Newell Co. is paying nearly $6 billion to take control of Rubbermaid Inc., one of North America's top injection molders.
Though Newell has no plans to close any Rubbermaid plants, it cannot predict how the merger will affect employees, a Rubbermaid spokeswoman said.
The two consumer products giants said Oct. 21 they will combine operations by early next year into Newell Rubbermaid Inc., a firm with annual sales of more than $6 billion. It will be the largest durable consumer products maker in the world and the fifth-largest in consumer products overall.
Newell of Freeport, Ill., will pay about $5.8 billion in shares and assume about $500 million in debt for a 60 percent interest in the new firm. That price is a 49 percent premium over Rubbermaid's stock price before the deal was announced.
Once it is complete, Newell will begin its so-called ``Newellization'' process on Rubbermaid operations, the companies said in a joint news release. That strategy is meant to achieve 98 percent on-time performance and a minimum pretax profit margin of 15 percent.
Rubbermaid spokeswoman Lorrie Paul Crum said the companies do not plan to close any plants after the merger. She did not say whether any jobs will be eliminated. In 1997 Rubbermaid employed roughly 12,600 and Newell about 26,400.

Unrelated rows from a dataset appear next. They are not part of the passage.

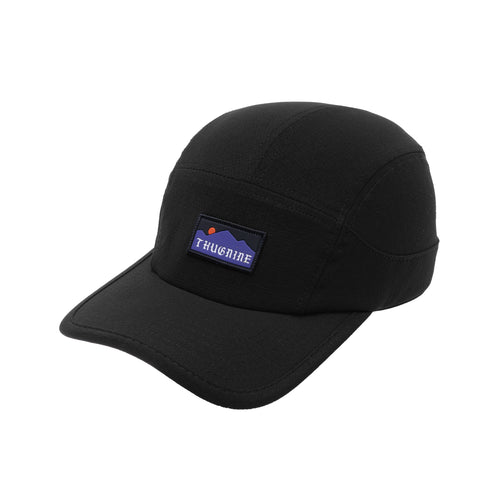 Boné Thug Thermolight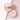 AHC Aura Secret Tone Up Cushion 15g + Refill 15g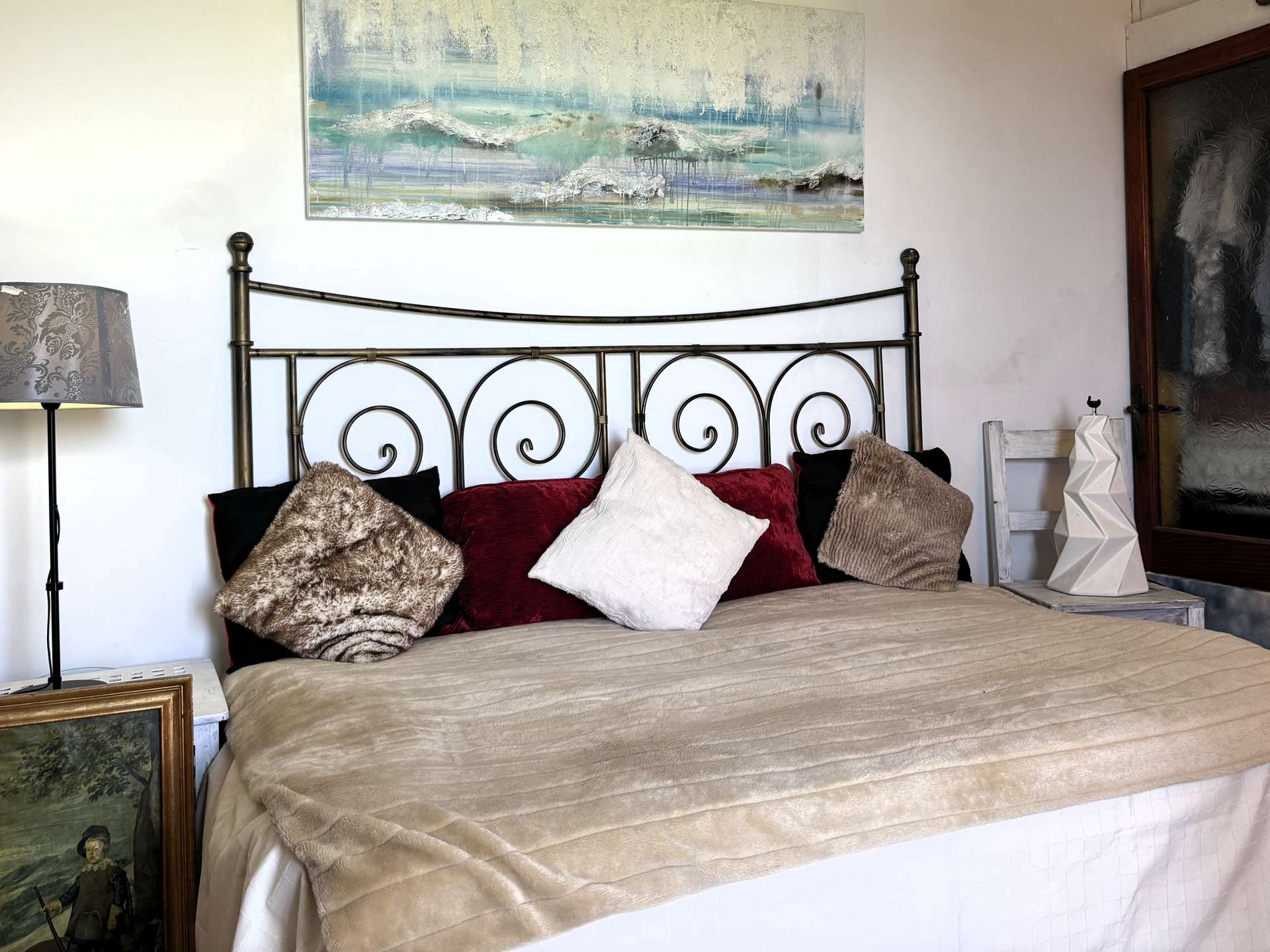 [object Object] - image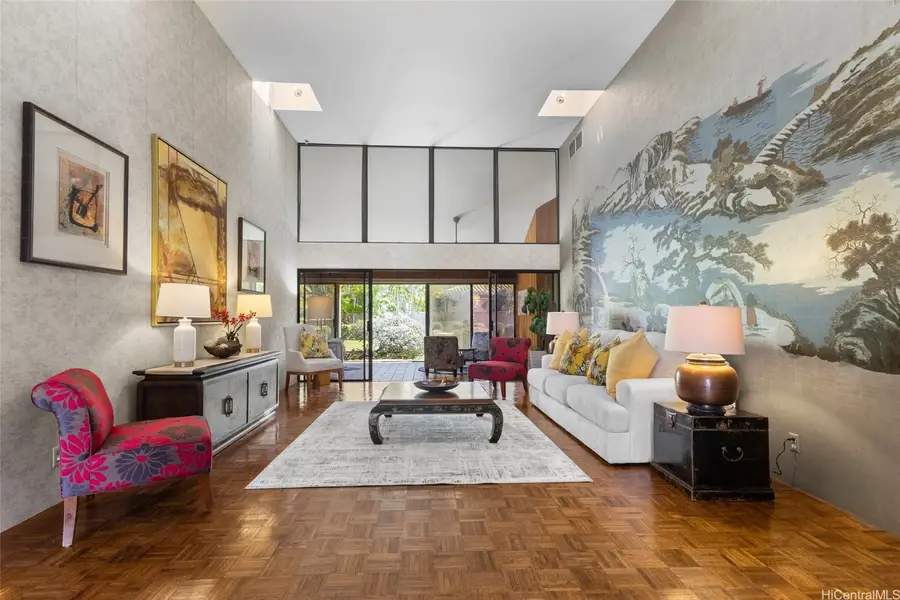 4781 Aukai Avenue, Honolulu, HI 96816 - Image #2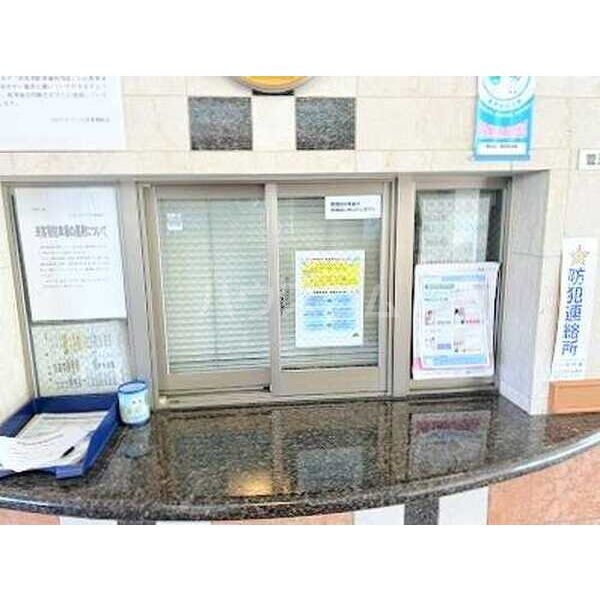 19/24 その他画像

The deal is not an acquisition, Crum stressed, because there is no product overlap and old product lines will not be sold off. The companies competed when Newell owned Anchor Hocking Plastics Inc., a storage container molder in St. Paul, Minn. But Newell sold off Anchor Hocking to Home Products International Inc. of Chicago in mid-September.
Rubbermaid and Newell have known each other for a long time and, during the years, officials floated the idea of merging when the time was right, Crum said. Now is a good time because global economic uncertainty threatens consumer purchasing, and already-competitive markets promise to get tougher, she said.
Newell will benefit from Rubbermaid's brand recognition, broader distribution and a bigger presence in Europe, John McDonough, Newell vice chairman and chief executive officer, said in the release.
Rubbermaid Chairman and CEO Wolfgang Schmitt said: ``No one manages the blocking and tackling of consumer products customer service better than Newell. Their disciplines and systems are exactly what [Rubbermaid needs] if we were to optimize the value of our brands and innovations.''
Newell Chairman William Sovey will become chairman of Newell Rubbermaid; McDonough will be vice chairman and CEO; and Schmitt will be vice chairman.
Crum said the merger should help Rubbermaid in its efficiency efforts, already under way. Those restructuring and manufacturing improvements include closing or selling a plant in Oyonnax, France, early next year. Earlier this year it closed operations in Australia, New York and North Carolina. The firm also is investing in new molding machines and robots to cut cycle times and free up production capacity.
Apparently, those streamlining efforts are beginning to pay off. Rubbermaid's sales in the third quarter rose 21 percent to $31.7 million before taxes and a $21.8 million restructuring charge. Sales grew 8 percent to $628.6 million vs. a year ago.
Rubbermaid, a bigger consumer of plastic than Newell, is the third-largest North American injection molder based on resin consumption estimates from Phillip Townsend Associates Inc. of Houston. The firm also is among the top 15 blow molders and is No. 1 in rotational molding, based on Townsend's resin figures.
The firm's Wooster-based Little Tikes Co. unit, which rotomolds toys and playground equipment, contributed $221 million to Rubbermaid's $2.4 billion in corporate sales in 1997. Rubbermaid also sold about $117 million of rubber products last year, according to Rubber & Plastics News, a sister publication to Plastics News.
Newell uses different plastics processes than Rubbermaid, such as extrusion. Its diverse range of businesses include office products — a plastics-intensive business it bought from Rubbermaid last year — home hardware, window blinds, picture frames, home storage products, hair accessories and aluminum and glass cookware. The firm's sales totaled $3.23 billion in 1997.
Crum said Newell Rubbermaid will have a small head office at an undetermined location, and both companies will continue operations at their current headquarters. Rubbermaid's corporate hub is in Wooster, Ohio, where its Home Products and Little Tikes units also are based.
The new company will have stock market capitalization worth $14 billion.